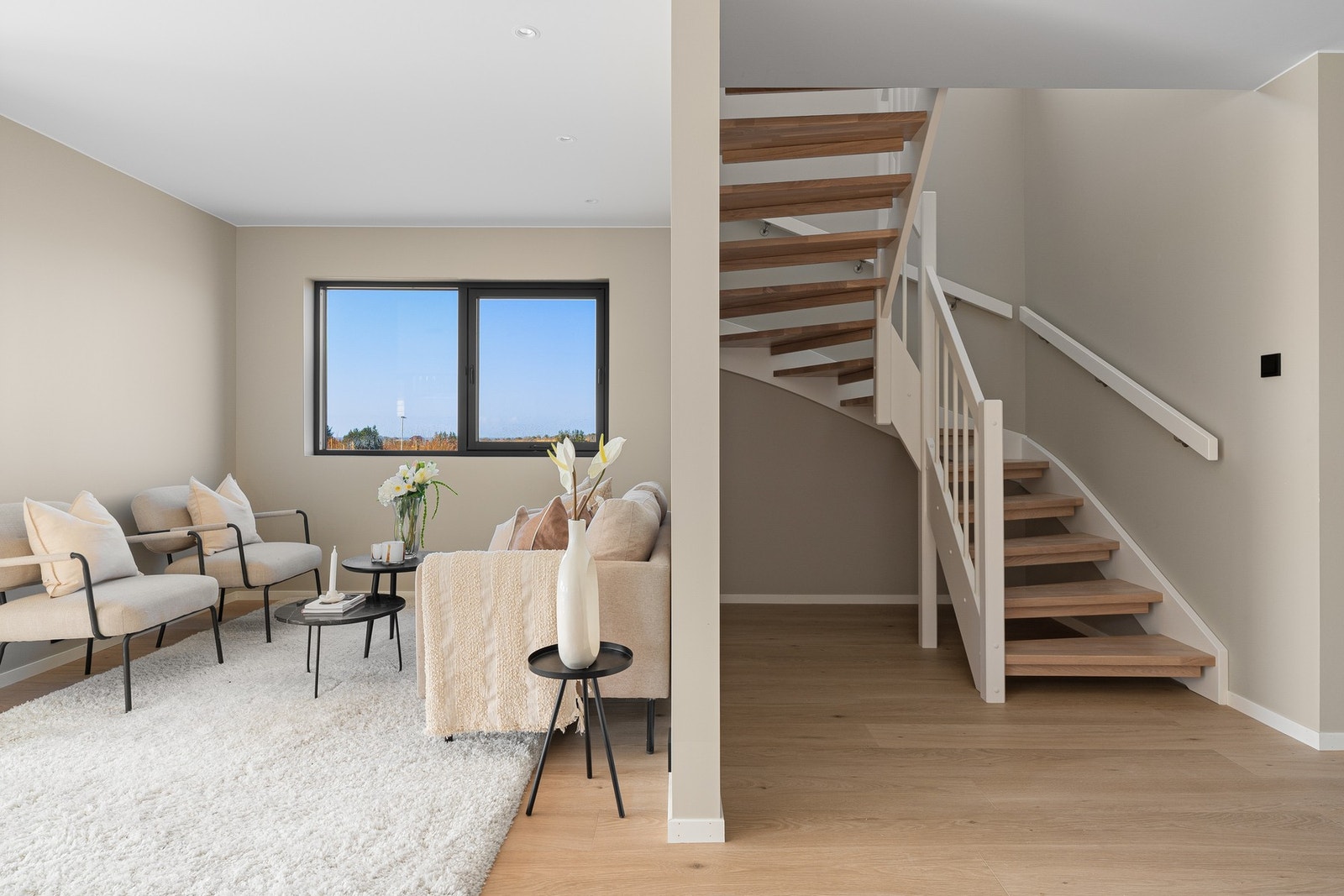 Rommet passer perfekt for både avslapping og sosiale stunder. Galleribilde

+++

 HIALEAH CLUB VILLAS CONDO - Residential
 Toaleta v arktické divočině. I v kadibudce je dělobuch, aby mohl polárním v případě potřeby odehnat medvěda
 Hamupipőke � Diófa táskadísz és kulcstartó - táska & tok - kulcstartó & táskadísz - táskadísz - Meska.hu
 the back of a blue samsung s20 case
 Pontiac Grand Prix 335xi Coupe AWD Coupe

+++

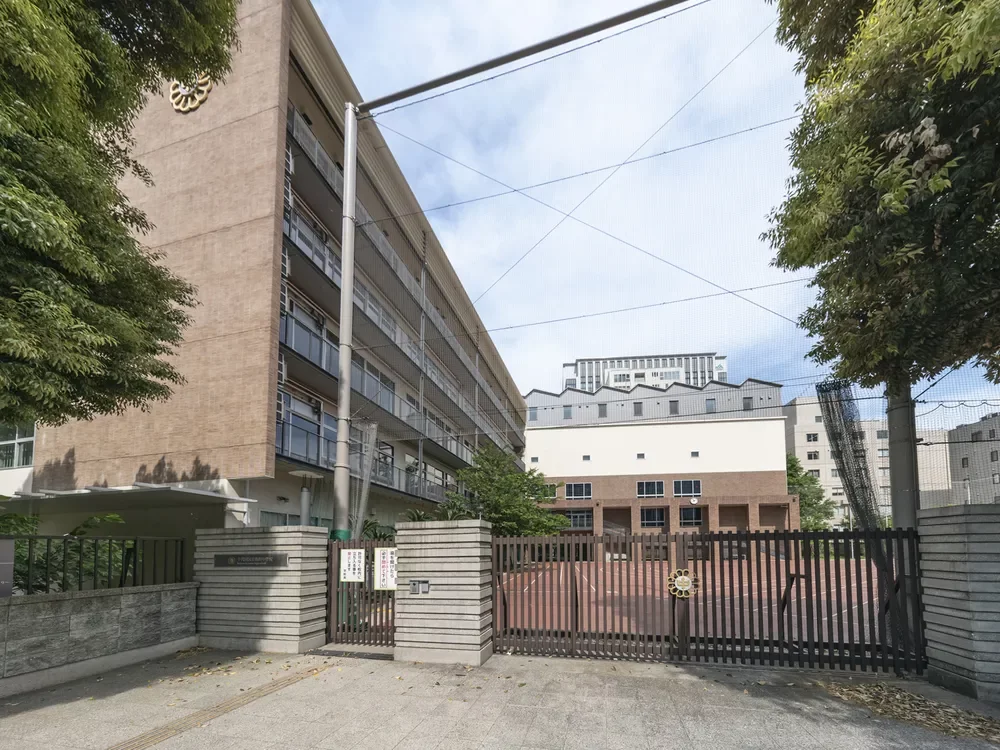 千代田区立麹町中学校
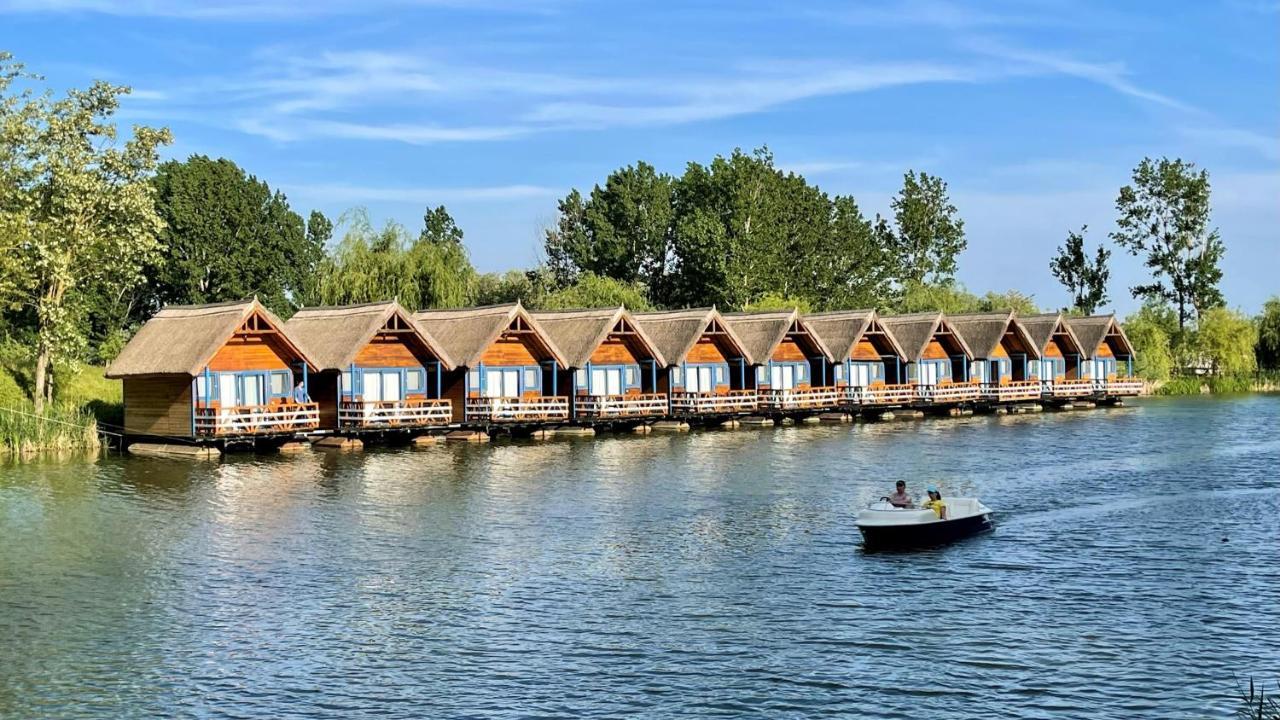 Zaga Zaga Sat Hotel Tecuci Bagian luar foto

+++

▶ Brief:
In the listing above, find the line with "HIALEAH CLUB VILLAS CONDO - Residential" and the line with "Pontiac Grand Prix 335xi Coupe AWD Coupe"; set down exactly those two lines and every line between them, nothing more.

▶ Result of this exercise:
 HIALEAH CLUB VILLAS CONDO - Residential
 Toaleta v arktické divočině. I v kadibudce je dělobuch, aby mohl polárním v případě potřeby odehnat medvěda
 Hamupipőke � Diófa táskadísz és kulcstartó - táska & tok - kulcstartó & táskadísz - táskadísz - Meska.hu
 the back of a blue samsung s20 case
 Pontiac Grand Prix 335xi Coupe AWD Coupe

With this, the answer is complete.